Section 1: Build and Run the Artifact

Requirements

Souper should run on a modern Linux or OSX machine. We tested our work on Ubuntu-18.04 version. Check Ubuntu version:

$ lsb_release -a
No LSB modules are available.
Distributor ID: Ubuntu
Description:    Ubuntu 18.04.3 LTS
Release:        18.04
Codename:       bionic

Docker

Install docker engine by following the instructions here.

SPEC CPU Benchmark 2017

Our evaluation involves SPEC CPU 2017 benchmark. We cannot provide a copy of this benchmark as restricted by the SPEC License Agreement. For details, check this. Instead, we provide the Redis database of all input Souper expression collected from compiling the SPEC CPU benchmarks with Souper in the artifact.

Steps to follow

  1. Fetch the docker image from docker hub.
$ sudo docker pull jubitaneja/artifact-cgo:latest

Alternatively, you can build the docker image from scratch by the following instruction.

$ ./build_docker.sh

To check the list of images, run:

$ sudo docker images
REPOSITORY                TAG                 IMAGE ID            CREATED             SIZE
jubitaneja/artifact-cgo   latest              d5bc1be66342        2 hours ago         14.2GB
  1. Run the docker image.
$ sudo docker run -it jubitaneja/artifact-cgo /bin/bash
$ export PS1="(docker) $PS1"

This command will load and run the docker image, and -it option attaches you an interactive tty container.

Section 2: Experimental Evaluation

After you have successfully run the docker image, you can go the path:

(docker) $ cd /usr/src/artifact-cgo

This directory contains the entire setup of our tool.

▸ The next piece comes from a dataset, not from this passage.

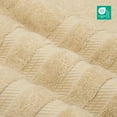 thumbnail image 4 of American Soft Linen Luxury 35x70 Jumbo Large Bath Towel, 100% Cotton Turkish Bath Towel Sheet, Beige, 4 of 9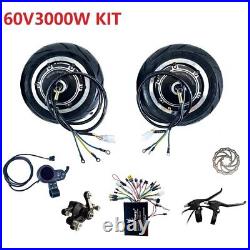 10 inch Double Drive Motor Kit 60V 3000W Electric Bicycle Hub Motor Conversion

This section provides details on how to evaluate the results section in our paper.

Evaluation: Section 4.1

Refer here for detailed instructions to reproduce the results.

Evaluation: Section 4.2 to 4.5

These sections evaluates the precision of several dataflow analyses as shown in examples in the paper. Run the script to reproduce the results.

(docker) $ cd /usr/src/artifact-cgo/precision/test
(docker) $ ./test_precision.sh

Evaluation: Section 4.6

This section measures the impact of precision of dataflow analysis. We test compression applications, like Bzip2, gzip; SQLite; and a chess engine, Stockfish as shown presented in Table 2 in paper.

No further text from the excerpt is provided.